### What the exercise asks
Span requested from the data below: the line with "旅游经典景区基础设施建设报告_第1页" through the line with "正版新书]东汉三国佛教文献副词研究唐贤清9787100198141", both included. Give only these lines again, exactly, and leave every picture out.

___ Records for this task ___

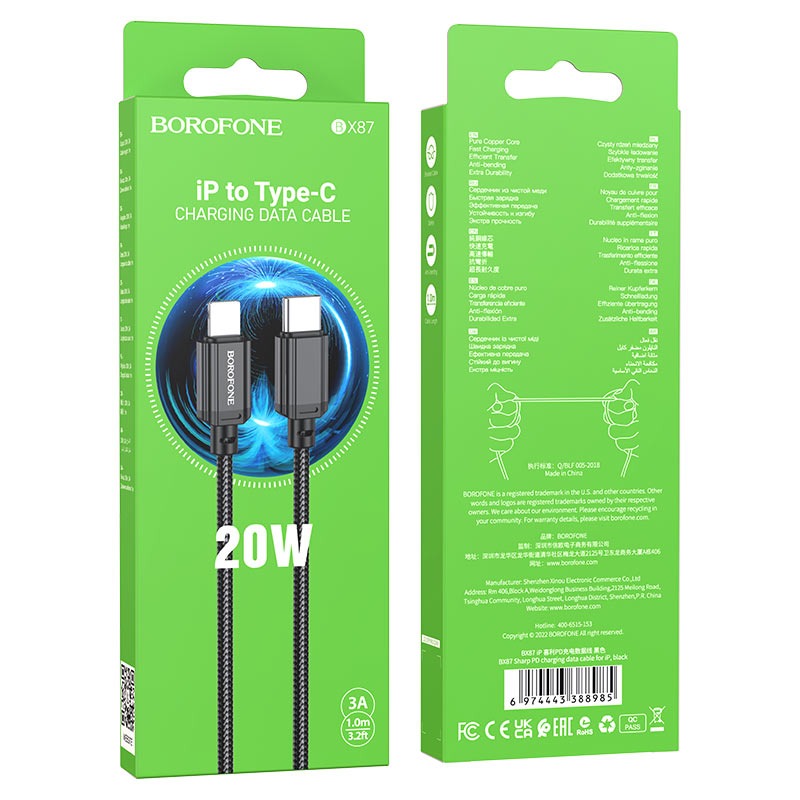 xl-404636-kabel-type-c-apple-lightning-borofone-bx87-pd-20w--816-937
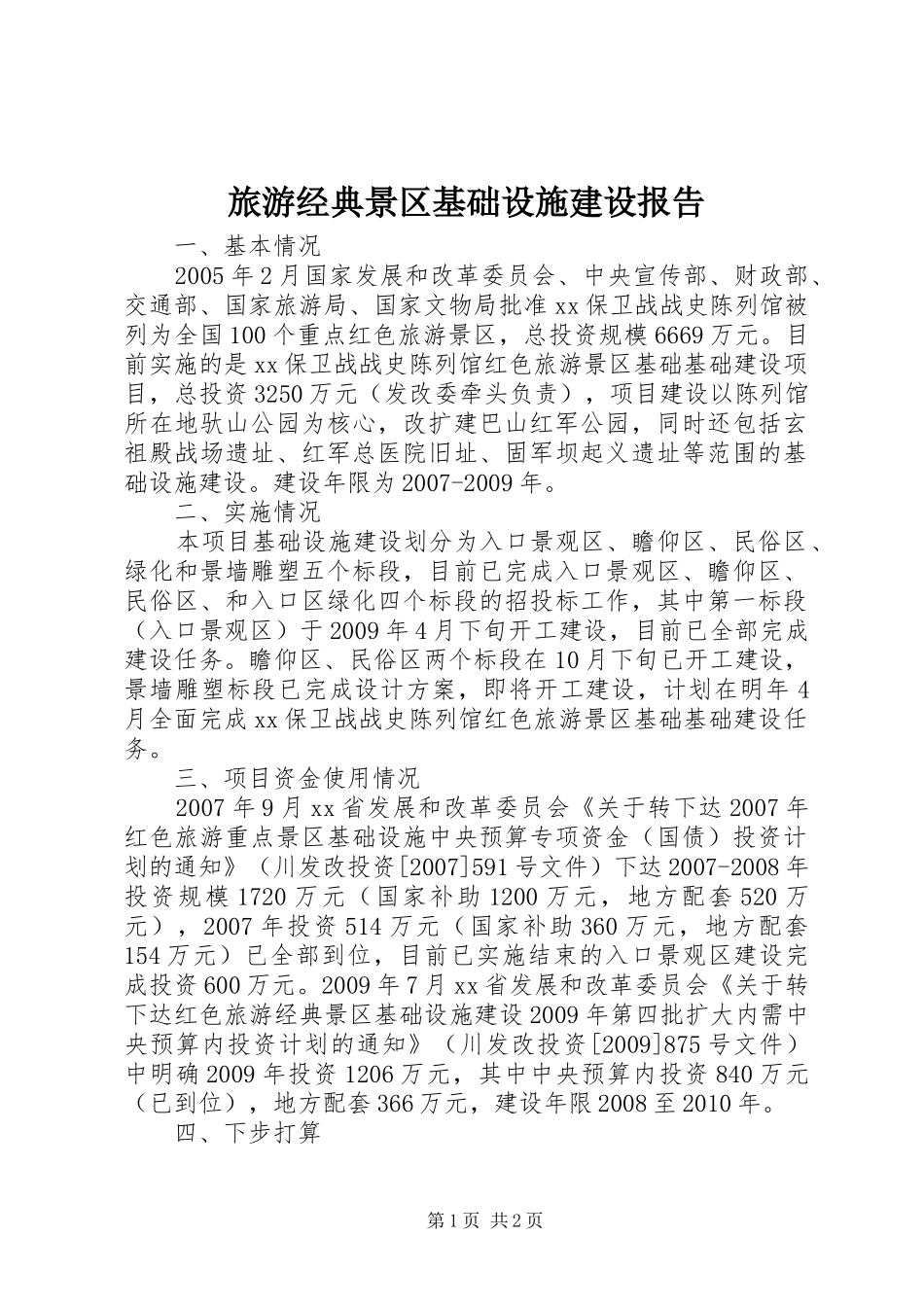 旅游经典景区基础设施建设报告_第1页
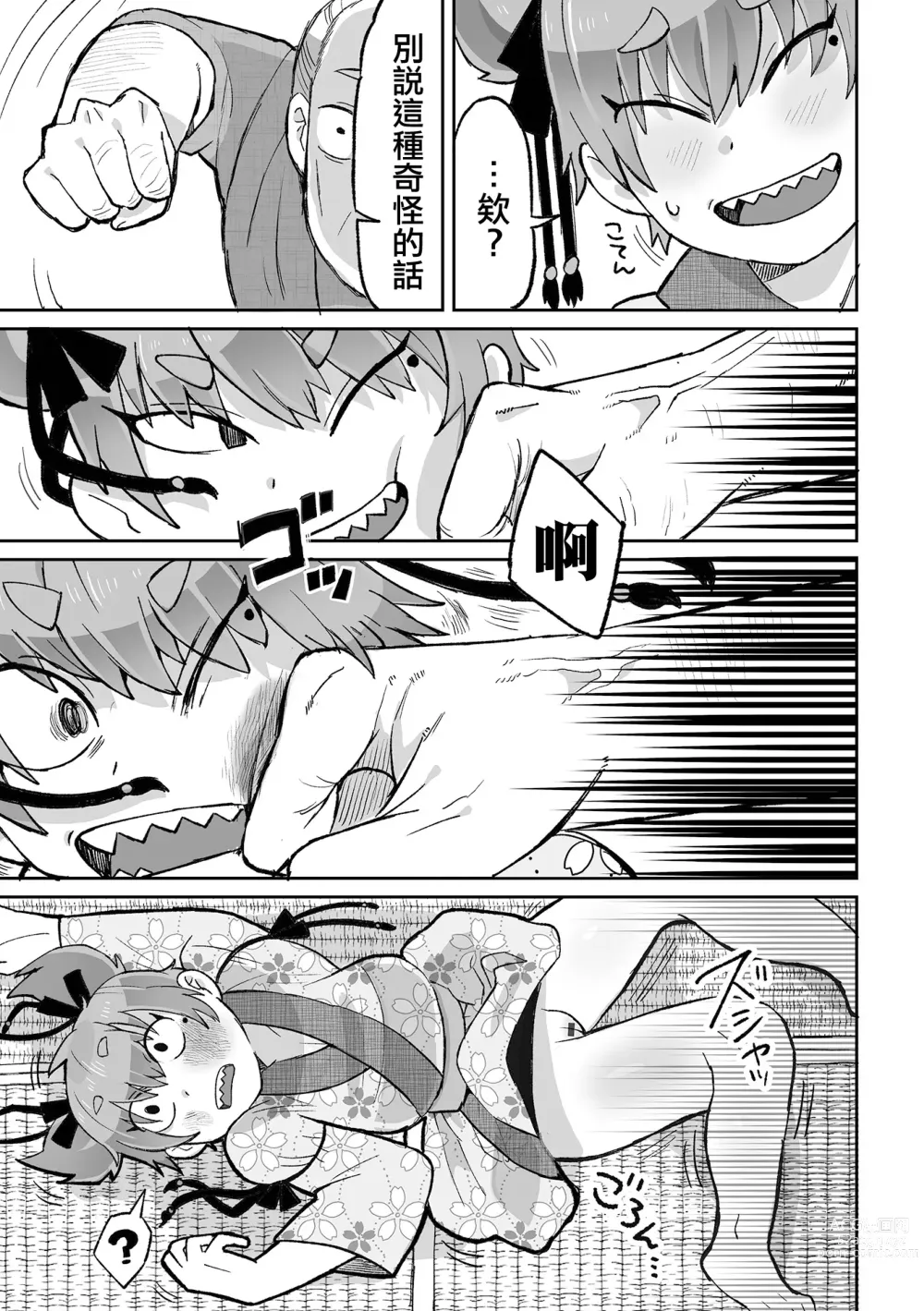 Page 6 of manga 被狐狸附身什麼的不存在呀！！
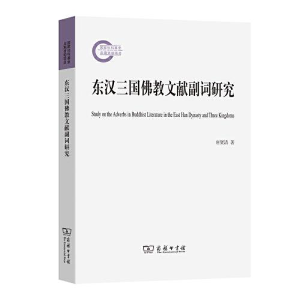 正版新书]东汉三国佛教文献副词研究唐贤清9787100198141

___
___ Records for this task ___

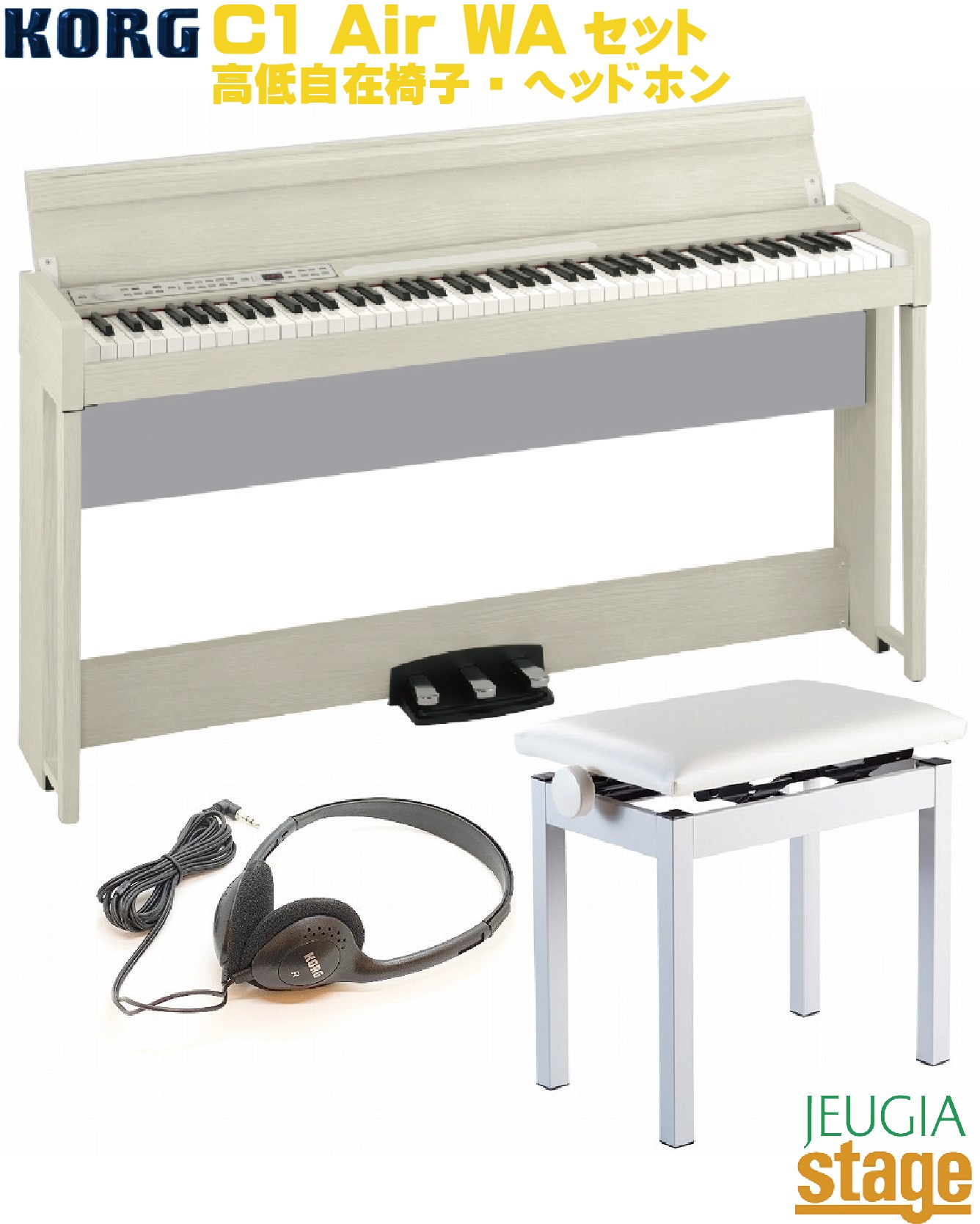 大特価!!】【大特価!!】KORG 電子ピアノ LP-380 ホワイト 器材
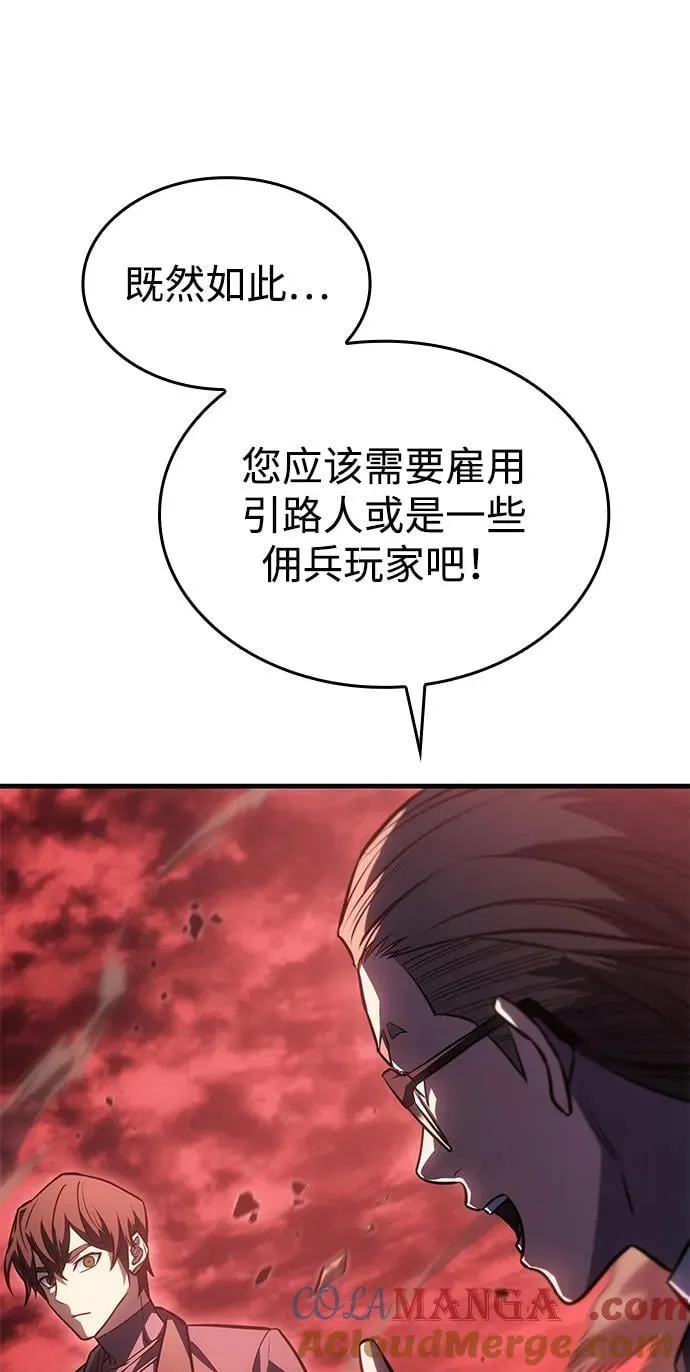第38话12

___

### Completed task
 旅游经典景区基础设施建设报告_第1页
 Page 6 of manga 被狐狸附身什麼的不存在呀！！
 正版新书]东汉三国佛教文献副词研究唐贤清9787100198141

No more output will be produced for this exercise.